> ABOUT THIS TASK: Return only what lies between the first line of the entries and the line containing "Cord & Block", both lines included.

> RECORDS:
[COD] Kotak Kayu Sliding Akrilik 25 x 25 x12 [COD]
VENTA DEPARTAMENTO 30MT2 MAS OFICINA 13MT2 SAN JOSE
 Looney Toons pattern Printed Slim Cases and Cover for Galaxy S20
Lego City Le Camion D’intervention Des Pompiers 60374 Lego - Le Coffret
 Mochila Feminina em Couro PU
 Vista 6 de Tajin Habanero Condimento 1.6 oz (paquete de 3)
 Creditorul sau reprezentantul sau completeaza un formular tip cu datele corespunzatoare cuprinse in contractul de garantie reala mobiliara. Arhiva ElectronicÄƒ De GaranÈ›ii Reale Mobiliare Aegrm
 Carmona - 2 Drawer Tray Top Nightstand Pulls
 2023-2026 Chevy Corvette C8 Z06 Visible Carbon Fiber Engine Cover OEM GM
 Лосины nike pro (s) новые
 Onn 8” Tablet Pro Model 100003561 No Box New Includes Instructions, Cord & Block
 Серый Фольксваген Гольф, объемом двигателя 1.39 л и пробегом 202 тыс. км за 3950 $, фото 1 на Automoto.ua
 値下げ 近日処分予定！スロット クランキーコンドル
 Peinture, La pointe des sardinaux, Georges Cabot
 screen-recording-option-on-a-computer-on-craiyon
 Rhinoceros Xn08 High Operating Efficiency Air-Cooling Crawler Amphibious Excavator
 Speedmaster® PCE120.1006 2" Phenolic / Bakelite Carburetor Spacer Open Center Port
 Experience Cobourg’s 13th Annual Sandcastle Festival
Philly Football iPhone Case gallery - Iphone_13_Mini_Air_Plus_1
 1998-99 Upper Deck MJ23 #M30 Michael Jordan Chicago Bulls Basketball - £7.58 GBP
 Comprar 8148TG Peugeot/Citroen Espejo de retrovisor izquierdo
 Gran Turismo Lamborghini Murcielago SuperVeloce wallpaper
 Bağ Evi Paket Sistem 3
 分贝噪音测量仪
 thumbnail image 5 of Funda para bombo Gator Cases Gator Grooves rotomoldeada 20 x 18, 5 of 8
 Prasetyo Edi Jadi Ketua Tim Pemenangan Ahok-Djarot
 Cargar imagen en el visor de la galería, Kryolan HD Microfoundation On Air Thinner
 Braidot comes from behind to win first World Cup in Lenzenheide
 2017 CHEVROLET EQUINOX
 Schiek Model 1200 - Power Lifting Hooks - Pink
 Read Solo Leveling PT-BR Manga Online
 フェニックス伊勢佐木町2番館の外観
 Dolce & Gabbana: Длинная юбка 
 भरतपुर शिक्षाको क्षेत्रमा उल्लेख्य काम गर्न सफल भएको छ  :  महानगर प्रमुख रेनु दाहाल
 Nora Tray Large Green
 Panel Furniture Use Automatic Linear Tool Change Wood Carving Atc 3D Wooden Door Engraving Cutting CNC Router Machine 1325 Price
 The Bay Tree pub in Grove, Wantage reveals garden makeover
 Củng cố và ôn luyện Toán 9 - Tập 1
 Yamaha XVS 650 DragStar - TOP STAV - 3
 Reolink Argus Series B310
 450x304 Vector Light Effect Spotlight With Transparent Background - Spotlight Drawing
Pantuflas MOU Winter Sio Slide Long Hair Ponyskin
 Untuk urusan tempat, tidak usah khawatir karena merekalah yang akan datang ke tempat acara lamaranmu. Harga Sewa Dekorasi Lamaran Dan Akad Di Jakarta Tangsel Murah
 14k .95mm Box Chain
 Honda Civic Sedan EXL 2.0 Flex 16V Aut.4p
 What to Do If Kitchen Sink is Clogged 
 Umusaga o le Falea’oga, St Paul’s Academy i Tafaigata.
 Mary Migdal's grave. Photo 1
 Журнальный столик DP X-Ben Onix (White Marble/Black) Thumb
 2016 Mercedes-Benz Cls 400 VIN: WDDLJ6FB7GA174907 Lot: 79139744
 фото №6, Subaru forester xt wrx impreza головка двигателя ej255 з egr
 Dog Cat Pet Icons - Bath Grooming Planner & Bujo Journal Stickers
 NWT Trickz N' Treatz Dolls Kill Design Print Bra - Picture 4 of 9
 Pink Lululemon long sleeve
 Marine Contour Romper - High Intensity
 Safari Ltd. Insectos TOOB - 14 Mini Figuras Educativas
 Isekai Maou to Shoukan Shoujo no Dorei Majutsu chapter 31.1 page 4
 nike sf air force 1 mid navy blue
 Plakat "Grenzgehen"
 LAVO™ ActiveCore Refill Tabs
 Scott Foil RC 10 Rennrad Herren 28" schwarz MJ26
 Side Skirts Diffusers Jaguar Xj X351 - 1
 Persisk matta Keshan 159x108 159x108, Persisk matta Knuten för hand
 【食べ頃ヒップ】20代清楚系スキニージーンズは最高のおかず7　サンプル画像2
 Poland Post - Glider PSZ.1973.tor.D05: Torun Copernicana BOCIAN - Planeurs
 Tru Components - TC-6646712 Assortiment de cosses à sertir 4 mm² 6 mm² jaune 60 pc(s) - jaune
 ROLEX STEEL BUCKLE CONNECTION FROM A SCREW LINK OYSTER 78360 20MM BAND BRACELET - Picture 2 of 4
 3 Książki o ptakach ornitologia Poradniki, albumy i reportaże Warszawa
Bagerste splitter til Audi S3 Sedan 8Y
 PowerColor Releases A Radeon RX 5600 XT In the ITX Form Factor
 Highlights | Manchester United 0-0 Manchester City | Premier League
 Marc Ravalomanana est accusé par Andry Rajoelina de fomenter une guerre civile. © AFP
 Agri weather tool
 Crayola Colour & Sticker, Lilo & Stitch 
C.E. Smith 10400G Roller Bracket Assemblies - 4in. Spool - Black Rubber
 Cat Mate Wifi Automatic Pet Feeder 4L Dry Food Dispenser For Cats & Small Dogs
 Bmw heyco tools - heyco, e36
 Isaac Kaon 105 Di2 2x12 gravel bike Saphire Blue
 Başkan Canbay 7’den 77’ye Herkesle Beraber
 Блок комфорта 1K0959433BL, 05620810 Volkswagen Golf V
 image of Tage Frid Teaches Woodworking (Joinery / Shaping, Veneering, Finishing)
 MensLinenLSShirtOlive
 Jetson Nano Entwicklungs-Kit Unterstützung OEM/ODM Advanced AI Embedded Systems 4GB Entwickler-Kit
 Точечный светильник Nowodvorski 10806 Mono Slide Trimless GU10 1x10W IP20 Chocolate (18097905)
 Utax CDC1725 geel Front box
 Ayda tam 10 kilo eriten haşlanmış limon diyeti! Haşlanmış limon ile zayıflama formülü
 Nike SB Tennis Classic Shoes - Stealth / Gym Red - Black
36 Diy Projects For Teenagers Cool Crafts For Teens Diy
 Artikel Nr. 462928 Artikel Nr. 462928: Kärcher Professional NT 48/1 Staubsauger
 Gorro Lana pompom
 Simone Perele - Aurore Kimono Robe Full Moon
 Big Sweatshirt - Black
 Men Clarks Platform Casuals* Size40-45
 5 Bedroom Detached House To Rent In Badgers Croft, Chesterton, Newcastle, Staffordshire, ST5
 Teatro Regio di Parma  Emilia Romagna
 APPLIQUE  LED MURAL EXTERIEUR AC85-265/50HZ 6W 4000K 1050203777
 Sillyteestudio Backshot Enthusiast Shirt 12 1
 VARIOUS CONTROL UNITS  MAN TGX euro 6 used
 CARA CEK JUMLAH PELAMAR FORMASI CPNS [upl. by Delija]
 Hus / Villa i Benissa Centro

> ANSWER TO THIS PROBLEM:
[COD] Kotak Kayu Sliding Akrilik 25 x 25 x12 [COD]
VENTA DEPARTAMENTO 30MT2 MAS OFICINA 13MT2 SAN JOSE
 Looney Toons pattern Printed Slim Cases and Cover for Galaxy S20
Lego City Le Camion D’intervention Des Pompiers 60374 Lego - Le Coffret
 Mochila Feminina em Couro PU
 Vista 6 de Tajin Habanero Condimento 1.6 oz (paquete de 3)
 Creditorul sau reprezentantul sau completeaza un formular tip cu datele corespunzatoare cuprinse in contractul de garantie reala mobiliara. Arhiva ElectronicÄƒ De GaranÈ›ii Reale Mobiliare Aegrm
 Carmona - 2 Drawer Tray Top Nightstand Pulls
 2023-2026 Chevy Corvette C8 Z06 Visible Carbon Fiber Engine Cover OEM GM
 Лосины nike pro (s) новые
 Onn 8” Tablet Pro Model 100003561 No Box New Includes Instructions, Cord & Block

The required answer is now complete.